2006 The Blog that was

I turned to photography because I’m a lazy writer. And so it should be immediately noted that the imagery I typically sew together is meticulous, structurally obsessive, random and doesn’t necessarily concern itself with any sort of palpable beauty. I shoot photographs because I want to tell stories, just like some of my fellow bloggers do with words. While some may find that difficult to do in one frame, it’s all the more rewarding (for me, of course) when all the pieces fit together and transcend the petty limitations of four corners.

Here’s the story of how it all began. I started this blog some 3 1/2 years ago, as a bored seventeen year old, after I somehow stumbled on to a blog, then owned by Pyra labs. For the first two years amazingly I didn’t quiet know what to do with the blog so I filled the pages with something that read like del.icio.us meets livejournal. It was only then that I discovered flickr and photography – probably about the same time. Now non-structured grammatically incorrect gibberish doesn’t find many takers on the blogosphere so I had to restructure my blog to make it more accessible; after all what’s the use of blogging if there is no one at the end reading it. Pictures are a good substitute - firstly, I can by-pass all the inadequacies I have with words and spelling and secondly, if all else fails I’ll get a comment,” Nice pictures, Akshay”.
“Tell stories with photographs” – that’s been my objective for the last 18 months or so and hopefully that’s come across through my blog.

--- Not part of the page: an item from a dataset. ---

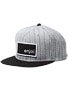 Enjoi Roids Snapback Hat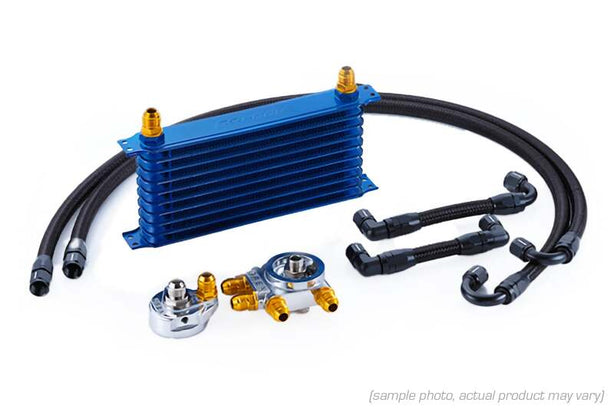 Photo - Primary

Another advantage of populating your blog with pictures is that come year end you know exactly what you’ve been up to throughout the year. Let us take a look.

January

Bhajji walli - [Green Grocer - Female]
A sabjiwalli at Byculla market, which was Bombay's muncipal vegetable market but then Bombay became Mumbai and they shifted the market wisely to Navi Mumbai [Vashi].You can still find the freshest and cheapest vegetables at Byculla. A picture I took roaming the streets of Byculla.

More on my plate
Top left: Bhaigan ka bhurta [mashed brinjal cooked on an open flame],Bottom Right: Rajma ,Cente: Dal fry, Raita and an Aloo [potato] and Mulli[radish] Paratha [stuffed bread]. Not in picture: 2 Salted Lassis and hot pulkas/rotis. All part of a meal I enjoyed at Crystals, go read about it.

Fortune Telling Robot.
A fortune telling robot tells does more than tell me my future.

Fishermen Starring into the Sun
Fishermen on Sewri Jetty on a Sunday Morning. I place the camera on the concrete for this shot, directly at the Sun.

I love playing word association and if you shout Sewree at me the first words that would come into my mind are 'trucks' & 'pollution'. Sewri is not place I especially like. The question then arises why am I on the Harbour Line train bound for Sewree ? The answer to that is - Flamingos among other things.


February

Taking in the Ruins
Silhouette of Hugo at the ruined Alter of the Franciscan church of Santo Antonio taken in Bassein, Vasai which possibly is Mumbai's only piece of the Renaissance.

Visual Art and the Basuri Wallah

Go to Gateway of India or any tourist attraction in Indian and these basuri-wallahs [flute players] are a dime a dozen but what made me take this picture was the visual art in the forefront - gives it a cool effect. By the way the basuri wallah picture asked me to mention his name which is ‘Haidut’ incidently. A picture I took for a series of post I did on the Kala Ghoda Art Festival for the KGAF blog.



March

Angkor Photography Festival Submission - The Two Indias
Shouting "Jeoorge Bussh Murdabad," breaking into "Gulli Gulli meh shoor hai Jeoorge Bussh Oil Chor hai" at the Anti-Bush protests in Azad Maidan.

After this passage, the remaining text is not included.